We recently guided two yoga retreats in the mountains. At a time when our pace of life is getting more and more full, time to ourselves is increasingly rare. We all feel the need to recharge our batteries, live in the moment and take in fresh air. Those “ah hah” moments when we find our two feet grounded in the richness of a new path while immersed in the density of the mountains.
From a physical point of view, practising yoga in the mountains has specific benefits for our three major areas (body, heart, mind) as the series of asanas and pranayamas performed where the air is pure, allows the body and brain to be much more oxygenated and increasing the energy flooding into our bodies.
Yoga also has a spiritual dimension because it is intrinsically linked to the mind. Letting go, being truly present in your feelings and the here and now, self-care, concentration, anchoring, discovering who you really are. These are all important parts of yoga. This side of things really comes into its own when yoga is practiced against a huge, pure, simple backdrop like the mountains. No more urban pollution, goodbye concrete, begone niggling thoughts; your mind is completely filled by this idyllic landscape, so close to the sky and yet deeply anchored to the ground. The strength and power of the mountains makes them beautiful places of introspection where the ego is hushed by the immensity of nature. The mountains eclipse us. So here we are, in the here and now, in contemplation, silently practicing postures with our true selves. Being connected to this immutable force symbolised by the chambers of the mountains is truly magical.

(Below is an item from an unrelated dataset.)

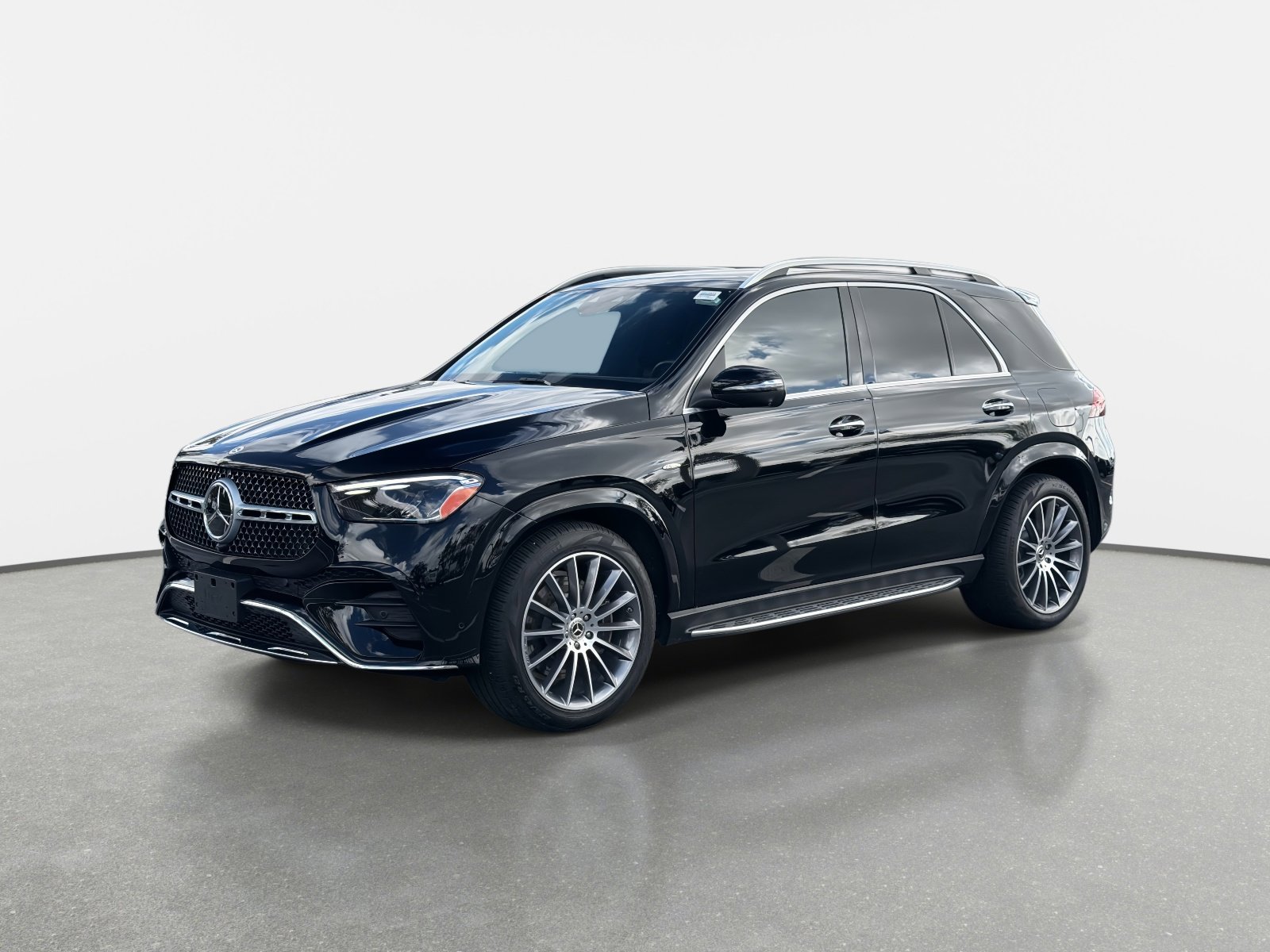 Used 2025 Mercedes-Benz GLE 450e 4MATIC image 7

“When you reach the top of a mountain, keep climbing.”
Our weekend retreats consisted of 4 yoga classes – 1 power flow to shift and bring fire into the cool weather. The following classes framed the hike being YIN & slow moving as a silent remedy to unwind and restore. The cooling hush to be finally at rest, tools down and boots off.
A dance between surrender and control. Between pushing and letting go
When to push and when to let go.
The creative cohesion of expansion and exploration.

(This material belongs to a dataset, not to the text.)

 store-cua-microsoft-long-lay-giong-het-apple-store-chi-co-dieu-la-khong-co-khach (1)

Our favourite go-to poses post-hike
HIP release
It is all about the physical and emotional release! FROG & SHOELACE to bring an inner and outer hip sensation. Breathe in and release.
LEGS
Lets pour it out and take some time off the feet after walking for 3-4hrs! This helps to reduce water retention, any excess swelling in the legs or ankles, lightly stretches the hamstrings, lower back and pelvic floor relaxation.
TRIGGER POINTS
Massage your inner arches by rolling a golf ball under the foot. Iron out knots and help with the plantar fascia and arch tendon.
LATERAL side body
Remove compression and restriction and deeply stretch into the primary breathing muscles.
HAMSTRING stretch
A remedy for tightness, reduce back pain and lower the risk for injury before or after activity.
TWIST
Twists go deliciously deep into your body’s core. Twisting your body stimulates your internal organs – particularly your liver and kidneys – which is why, in yoga, it’s often associated with detoxifying.
REST savasana!
The only thing prominent in the outer world is the crackling sounds of the fire and sweet sounds of our gong and tibetan bowls.